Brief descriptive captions
########################################
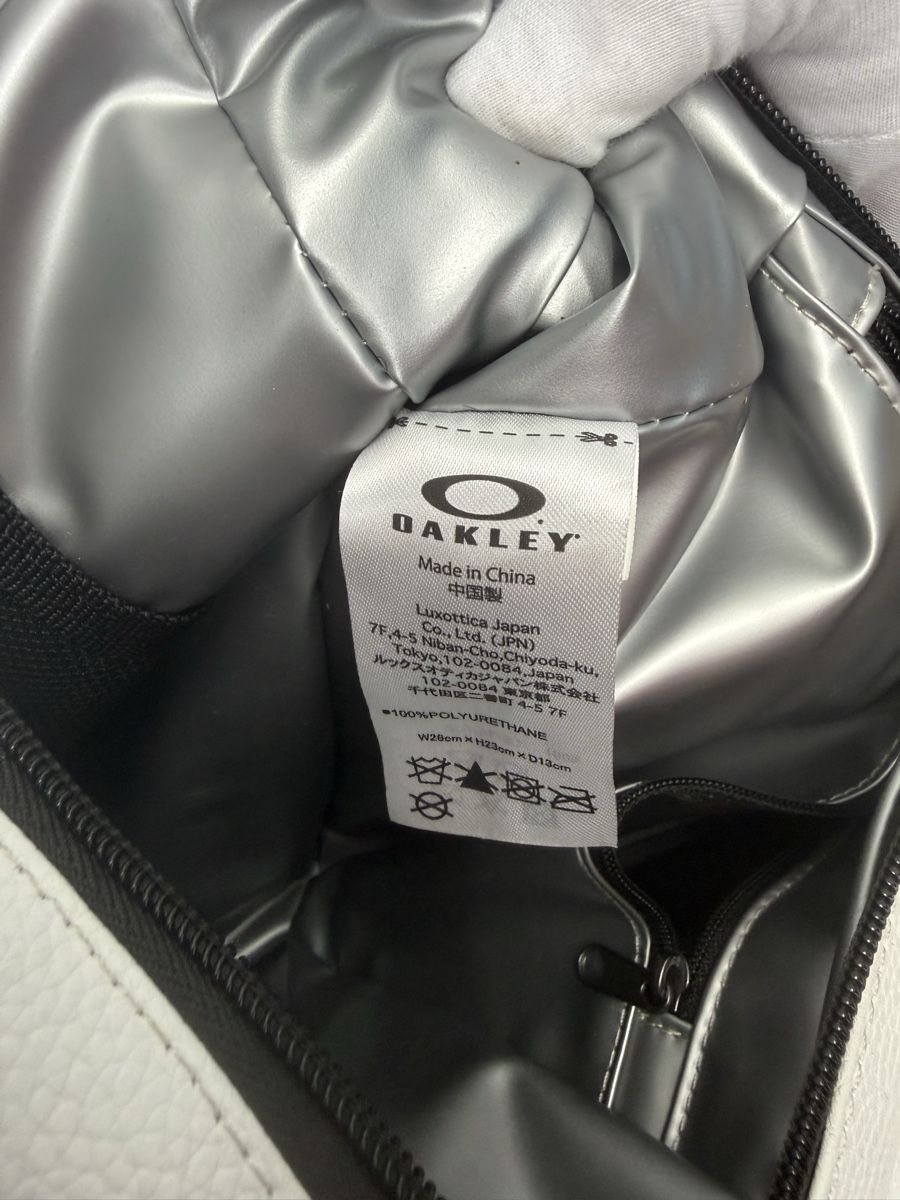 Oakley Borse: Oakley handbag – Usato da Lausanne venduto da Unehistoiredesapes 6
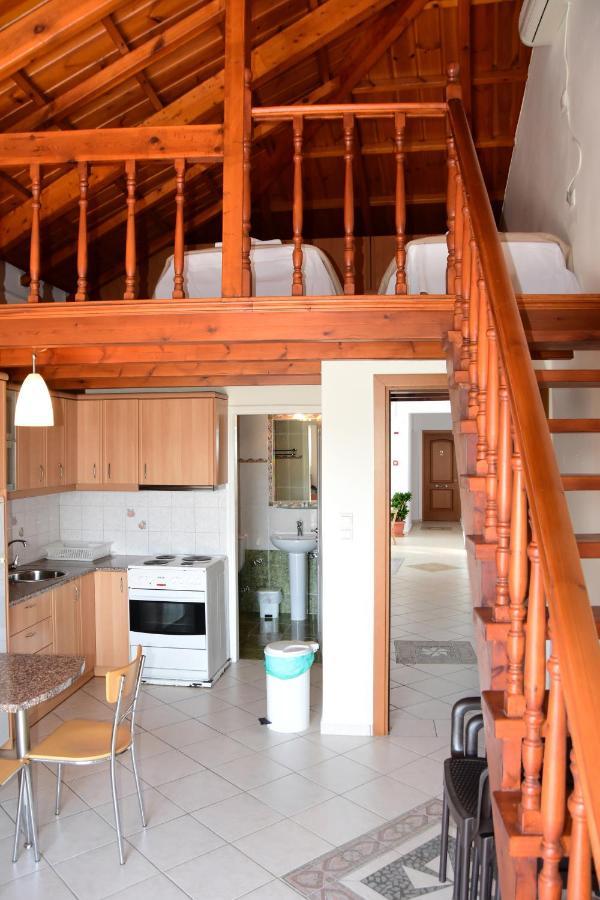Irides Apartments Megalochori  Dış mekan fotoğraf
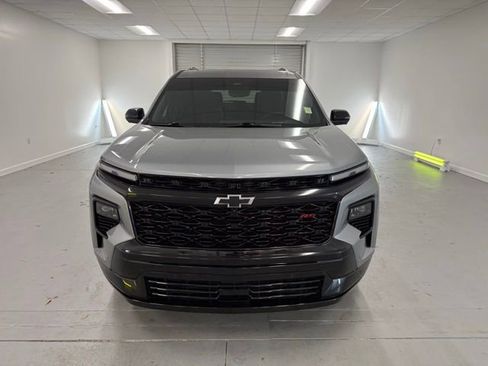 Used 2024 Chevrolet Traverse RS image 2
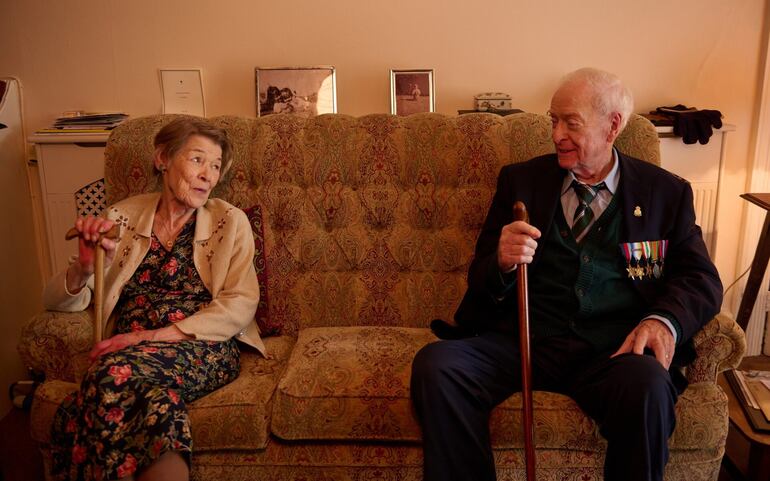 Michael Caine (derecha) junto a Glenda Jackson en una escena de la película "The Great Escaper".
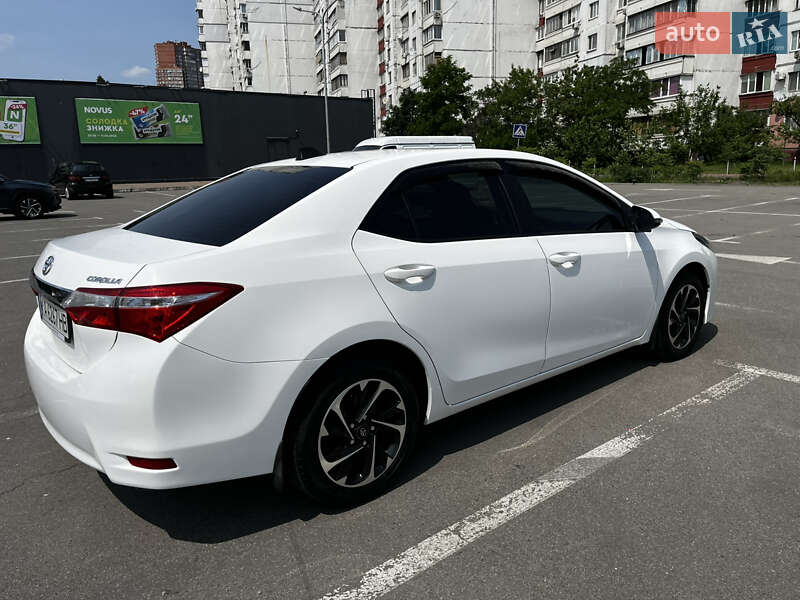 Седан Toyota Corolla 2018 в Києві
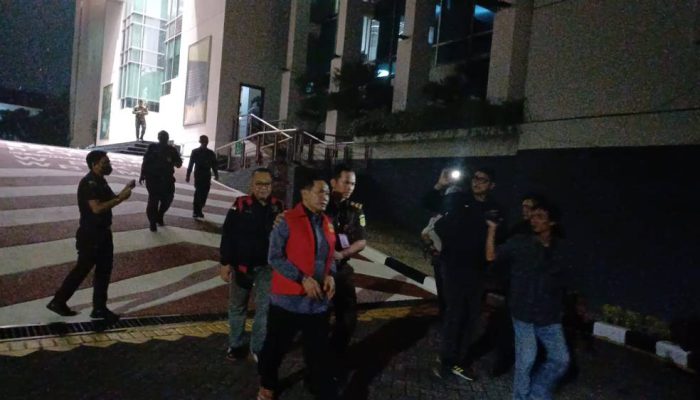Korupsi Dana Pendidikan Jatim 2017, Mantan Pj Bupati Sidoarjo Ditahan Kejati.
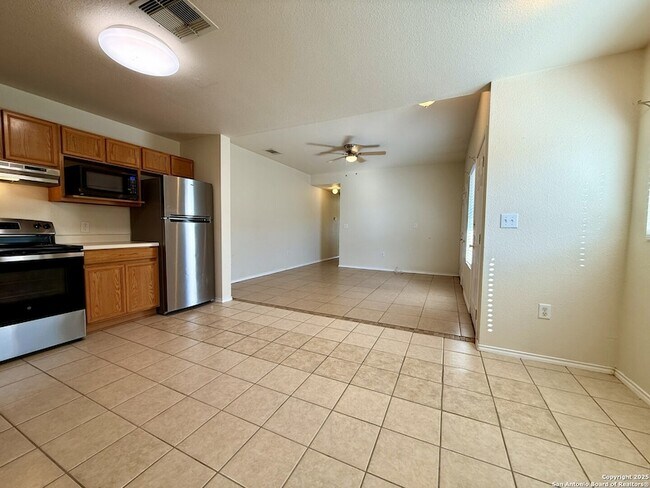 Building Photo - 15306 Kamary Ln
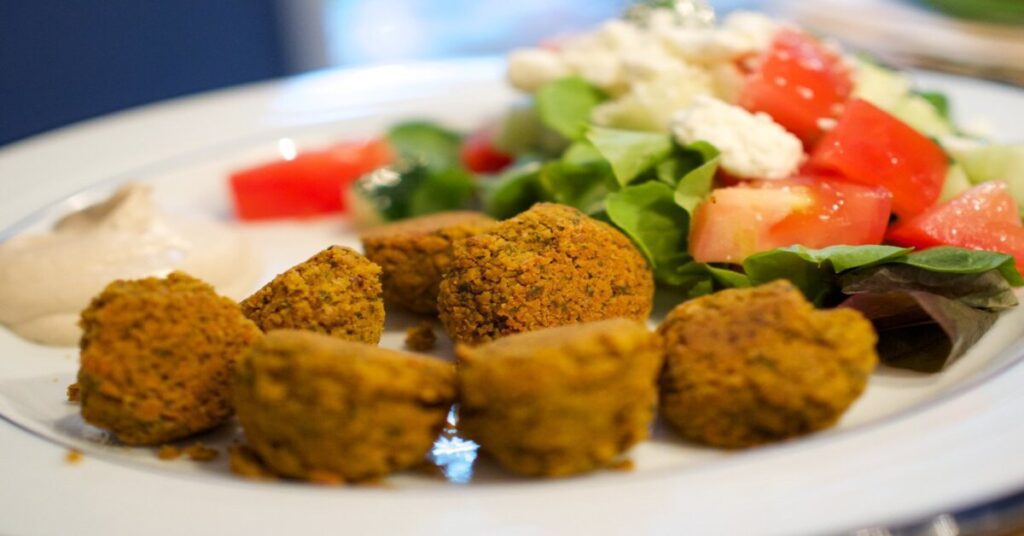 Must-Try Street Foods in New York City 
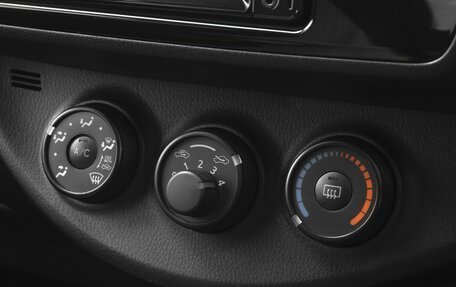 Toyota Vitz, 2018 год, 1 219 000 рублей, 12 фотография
########################################
Required action
Start at the top line above and repeat the records verbatim, leaving images out.

Task result
 Oakley Borse: Oakley handbag – Usato da Lausanne venduto da Unehistoiredesapes 6
Irides Apartments Megalochori  Dış mekan fotoğraf
 Used 2024 Chevrolet Traverse RS image 2
 Michael Caine (derecha) junto a Glenda Jackson en una escena de la película "The Great Escaper".
 Седан Toyota Corolla 2018 в Києві
Korupsi Dana Pendidikan Jatim 2017, Mantan Pj Bupati Sidoarjo Ditahan Kejati.
 Building Photo - 15306 Kamary Ln
 Must-Try Street Foods in New York City 
 Toyota Vitz, 2018 год, 1 219 000 рублей, 12 фотография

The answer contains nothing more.